Actually it doesn't asnwer the question at all. It soprt of screws over theg groups that do actually see the problem there, and passes the buck with basically a cop-out answer. It is comparrible to ignoring that the players are good and have the AP have them go slaughter an orphinage, because the good of the city calls on that landbeing the cite for the new universaty.
Besides being a Paladin, Paladins, and especially Clerics of Pharasma should have a huge issue with this. Not might, but should. Pharasma is ot good aligned, but her faith is 100% against undead. What's worse, the faith of Pharasma in Ustalav is a peculiar brand that teaches suffering and endurence will garner rewards in the afterlife.
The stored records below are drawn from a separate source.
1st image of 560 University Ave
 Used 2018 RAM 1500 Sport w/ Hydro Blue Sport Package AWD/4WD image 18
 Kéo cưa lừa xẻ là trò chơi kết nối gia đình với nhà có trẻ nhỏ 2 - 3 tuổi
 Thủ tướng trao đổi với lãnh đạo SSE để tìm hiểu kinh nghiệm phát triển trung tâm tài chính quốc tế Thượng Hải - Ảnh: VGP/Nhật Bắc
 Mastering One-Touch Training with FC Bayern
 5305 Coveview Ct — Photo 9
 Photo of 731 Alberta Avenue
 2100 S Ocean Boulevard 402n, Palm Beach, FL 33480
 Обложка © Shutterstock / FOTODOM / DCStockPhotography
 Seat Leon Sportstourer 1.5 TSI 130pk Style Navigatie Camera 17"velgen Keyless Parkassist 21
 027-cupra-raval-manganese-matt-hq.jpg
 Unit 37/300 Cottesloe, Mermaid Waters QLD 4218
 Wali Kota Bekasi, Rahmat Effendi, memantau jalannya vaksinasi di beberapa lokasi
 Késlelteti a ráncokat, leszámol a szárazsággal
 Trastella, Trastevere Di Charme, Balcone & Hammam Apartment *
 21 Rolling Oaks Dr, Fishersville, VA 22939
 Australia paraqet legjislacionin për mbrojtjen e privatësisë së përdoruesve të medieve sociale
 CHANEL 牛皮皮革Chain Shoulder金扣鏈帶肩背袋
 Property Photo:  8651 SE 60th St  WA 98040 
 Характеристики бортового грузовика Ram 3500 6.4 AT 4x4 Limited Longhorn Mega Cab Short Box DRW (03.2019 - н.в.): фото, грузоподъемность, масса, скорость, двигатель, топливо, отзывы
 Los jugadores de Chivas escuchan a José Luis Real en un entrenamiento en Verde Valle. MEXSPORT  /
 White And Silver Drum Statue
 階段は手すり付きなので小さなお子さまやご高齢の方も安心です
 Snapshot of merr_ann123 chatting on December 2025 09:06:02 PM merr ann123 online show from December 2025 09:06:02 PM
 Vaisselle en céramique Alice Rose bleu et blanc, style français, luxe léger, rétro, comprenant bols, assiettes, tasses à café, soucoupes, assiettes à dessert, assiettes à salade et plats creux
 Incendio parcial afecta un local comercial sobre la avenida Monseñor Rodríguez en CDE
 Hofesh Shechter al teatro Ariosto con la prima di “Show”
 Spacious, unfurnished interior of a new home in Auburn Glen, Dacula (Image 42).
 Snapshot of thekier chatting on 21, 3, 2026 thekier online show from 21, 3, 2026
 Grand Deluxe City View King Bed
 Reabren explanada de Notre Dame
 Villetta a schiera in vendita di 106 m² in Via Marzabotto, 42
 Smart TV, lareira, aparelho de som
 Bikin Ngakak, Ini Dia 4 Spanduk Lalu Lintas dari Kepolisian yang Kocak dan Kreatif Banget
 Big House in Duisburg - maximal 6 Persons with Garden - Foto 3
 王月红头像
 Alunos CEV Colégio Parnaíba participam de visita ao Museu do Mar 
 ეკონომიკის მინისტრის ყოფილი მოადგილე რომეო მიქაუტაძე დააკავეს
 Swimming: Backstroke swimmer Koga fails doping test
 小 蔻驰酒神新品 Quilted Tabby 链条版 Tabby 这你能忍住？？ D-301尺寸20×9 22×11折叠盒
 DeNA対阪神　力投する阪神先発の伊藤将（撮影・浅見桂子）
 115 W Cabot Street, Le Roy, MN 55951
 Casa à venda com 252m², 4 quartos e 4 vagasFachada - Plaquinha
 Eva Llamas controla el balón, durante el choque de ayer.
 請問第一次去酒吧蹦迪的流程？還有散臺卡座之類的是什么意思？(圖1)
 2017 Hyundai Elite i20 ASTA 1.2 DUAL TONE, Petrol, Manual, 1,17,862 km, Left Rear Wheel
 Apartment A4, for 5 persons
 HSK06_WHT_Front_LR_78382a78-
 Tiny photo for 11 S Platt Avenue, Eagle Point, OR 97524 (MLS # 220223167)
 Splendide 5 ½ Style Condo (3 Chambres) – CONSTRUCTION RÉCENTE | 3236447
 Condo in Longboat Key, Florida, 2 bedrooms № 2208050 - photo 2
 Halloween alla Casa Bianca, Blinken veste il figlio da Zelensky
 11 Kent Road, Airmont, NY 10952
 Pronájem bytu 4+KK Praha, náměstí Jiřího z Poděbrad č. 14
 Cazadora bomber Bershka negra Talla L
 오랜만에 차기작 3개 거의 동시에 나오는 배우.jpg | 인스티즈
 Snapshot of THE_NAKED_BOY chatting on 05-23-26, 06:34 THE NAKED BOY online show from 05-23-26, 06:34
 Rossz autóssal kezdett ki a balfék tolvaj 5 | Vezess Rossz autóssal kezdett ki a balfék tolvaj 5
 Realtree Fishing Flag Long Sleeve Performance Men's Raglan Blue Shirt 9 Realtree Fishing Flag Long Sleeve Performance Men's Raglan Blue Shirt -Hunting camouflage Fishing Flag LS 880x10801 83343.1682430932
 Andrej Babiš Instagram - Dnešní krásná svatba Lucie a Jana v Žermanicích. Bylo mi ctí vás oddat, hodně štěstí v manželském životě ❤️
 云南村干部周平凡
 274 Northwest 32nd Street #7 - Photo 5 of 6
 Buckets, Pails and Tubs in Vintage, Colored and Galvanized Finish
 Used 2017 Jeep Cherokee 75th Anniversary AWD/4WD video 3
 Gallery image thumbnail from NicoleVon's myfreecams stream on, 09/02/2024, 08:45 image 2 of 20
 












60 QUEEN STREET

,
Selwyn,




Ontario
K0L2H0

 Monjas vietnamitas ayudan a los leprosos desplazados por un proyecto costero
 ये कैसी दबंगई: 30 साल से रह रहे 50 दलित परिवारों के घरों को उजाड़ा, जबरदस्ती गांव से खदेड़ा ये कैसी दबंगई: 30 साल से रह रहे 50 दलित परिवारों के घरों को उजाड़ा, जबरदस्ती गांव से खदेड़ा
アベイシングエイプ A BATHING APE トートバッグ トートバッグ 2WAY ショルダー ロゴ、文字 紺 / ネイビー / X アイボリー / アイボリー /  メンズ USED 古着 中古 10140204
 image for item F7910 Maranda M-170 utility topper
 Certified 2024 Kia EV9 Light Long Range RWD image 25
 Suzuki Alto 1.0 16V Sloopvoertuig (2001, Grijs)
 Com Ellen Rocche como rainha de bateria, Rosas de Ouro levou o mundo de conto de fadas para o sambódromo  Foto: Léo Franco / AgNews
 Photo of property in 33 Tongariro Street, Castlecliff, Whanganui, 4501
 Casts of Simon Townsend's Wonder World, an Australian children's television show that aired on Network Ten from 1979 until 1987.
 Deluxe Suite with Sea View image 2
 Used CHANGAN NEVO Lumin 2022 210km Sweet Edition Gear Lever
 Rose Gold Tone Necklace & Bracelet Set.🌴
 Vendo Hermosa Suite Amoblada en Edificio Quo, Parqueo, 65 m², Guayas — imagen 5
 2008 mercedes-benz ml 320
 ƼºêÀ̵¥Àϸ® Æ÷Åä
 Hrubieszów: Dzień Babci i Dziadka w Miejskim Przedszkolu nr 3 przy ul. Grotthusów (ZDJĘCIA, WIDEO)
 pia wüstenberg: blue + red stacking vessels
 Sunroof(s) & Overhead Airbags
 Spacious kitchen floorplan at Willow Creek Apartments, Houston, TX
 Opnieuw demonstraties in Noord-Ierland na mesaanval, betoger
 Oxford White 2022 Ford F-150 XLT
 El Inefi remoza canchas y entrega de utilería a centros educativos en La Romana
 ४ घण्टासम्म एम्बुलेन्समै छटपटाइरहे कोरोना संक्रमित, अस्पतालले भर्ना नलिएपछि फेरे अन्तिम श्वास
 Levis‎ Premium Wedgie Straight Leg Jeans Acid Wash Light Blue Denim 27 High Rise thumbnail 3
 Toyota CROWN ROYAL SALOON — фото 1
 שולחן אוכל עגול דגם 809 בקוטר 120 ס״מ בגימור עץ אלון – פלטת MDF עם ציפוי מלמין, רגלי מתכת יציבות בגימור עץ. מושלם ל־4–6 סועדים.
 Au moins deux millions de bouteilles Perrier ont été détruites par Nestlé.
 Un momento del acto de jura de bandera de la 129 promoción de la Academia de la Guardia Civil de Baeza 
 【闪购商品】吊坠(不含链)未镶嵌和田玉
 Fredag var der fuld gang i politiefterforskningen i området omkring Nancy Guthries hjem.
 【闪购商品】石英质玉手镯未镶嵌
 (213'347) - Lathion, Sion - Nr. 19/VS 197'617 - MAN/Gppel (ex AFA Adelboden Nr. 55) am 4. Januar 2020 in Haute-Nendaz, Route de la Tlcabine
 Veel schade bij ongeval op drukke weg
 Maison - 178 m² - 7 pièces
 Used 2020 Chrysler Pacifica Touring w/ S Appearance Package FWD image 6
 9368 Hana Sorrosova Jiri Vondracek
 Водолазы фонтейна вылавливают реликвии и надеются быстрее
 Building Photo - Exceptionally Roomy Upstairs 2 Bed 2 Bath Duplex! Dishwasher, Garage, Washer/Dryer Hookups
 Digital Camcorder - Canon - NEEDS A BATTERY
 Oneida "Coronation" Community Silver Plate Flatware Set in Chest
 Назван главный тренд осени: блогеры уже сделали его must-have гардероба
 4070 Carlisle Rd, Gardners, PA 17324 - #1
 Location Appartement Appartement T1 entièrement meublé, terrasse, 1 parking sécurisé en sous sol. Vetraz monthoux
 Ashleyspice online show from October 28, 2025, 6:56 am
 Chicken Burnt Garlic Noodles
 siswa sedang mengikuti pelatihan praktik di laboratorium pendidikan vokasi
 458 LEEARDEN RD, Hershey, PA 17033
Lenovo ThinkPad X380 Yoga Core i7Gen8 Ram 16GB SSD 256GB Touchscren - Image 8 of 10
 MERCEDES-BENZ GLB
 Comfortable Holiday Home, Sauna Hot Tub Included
So killing the undead abominations, and causing that little extra suffering would be right up their alley.
Which bring the issue right back around full circle. By all rights and expectations, it basically is a douchey move. But, and the best thing I can think of is to completely ignor the vampire/vampyre/nosferatu thing and have some other not-douchey group patronize the party for the same task (or similar enough). Maybe bring Kendra back in with some new found wealth and advanced wizardry with a desire to follow in her father's footsteps, or at least pay for it to be done until she gets some influence set up.
I played Carrion Crown, and while my group did work with the vampires, the DM was fully prepared for the possibility that we wouldn't. There were three worshipers of Pharasma in the group, two of them quite devout. I think the AP offers other means for the group to continue without working with the vampires. Even if it doesn't have this possibility built right into it, though, it wouldn't take a whole lot of time to find ways to give PCs the information the vampires have in the event that the vampires die. Perhaps make it a bit more difficult, but how hard is it to leave letters and things lying around the vampire's lair?
You could also work with the vampires now, and then slaughter them once you have the information you need. The Pharasman faith allows for followers to control undead on very rare occasions if doing so is necessary to destroy them. Working with the vampires with the full intention of killing them later is basically an extension of that.
(Also, I feel the need to point out that Pharasma wouldn't care so much about serving "the greater good"; she's a neutral deity, after all. I'm just being anal-retentive, though.)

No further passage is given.